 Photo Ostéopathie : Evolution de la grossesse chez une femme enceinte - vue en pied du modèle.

...

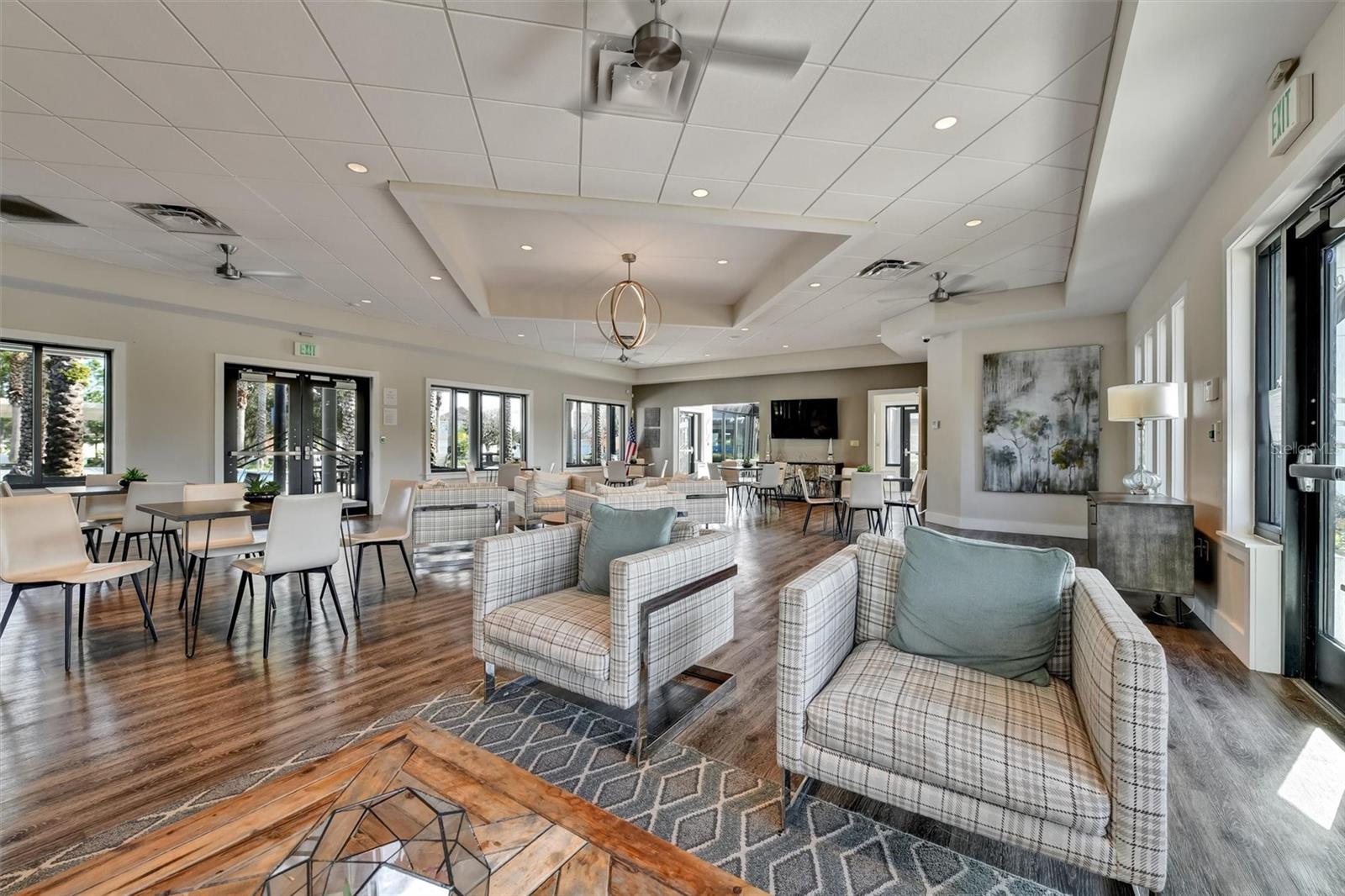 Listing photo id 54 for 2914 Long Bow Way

--

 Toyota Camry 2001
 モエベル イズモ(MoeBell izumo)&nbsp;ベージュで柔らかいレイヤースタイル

# TASK OBJECTIVE:
The required answer is the run of lines above, starting at the line with "Toyota Camry 2001" and ending at the line with "モエベル イズモ(MoeBell izumo)&nbsp;ベージュで柔らかいレイヤースタイル", reproduced exactly with both ends.

# EXPECTED ANSWER:
 Toyota Camry 2001
 モエベル イズモ(MoeBell izumo)&nbsp;ベージュで柔らかいレイヤースタイル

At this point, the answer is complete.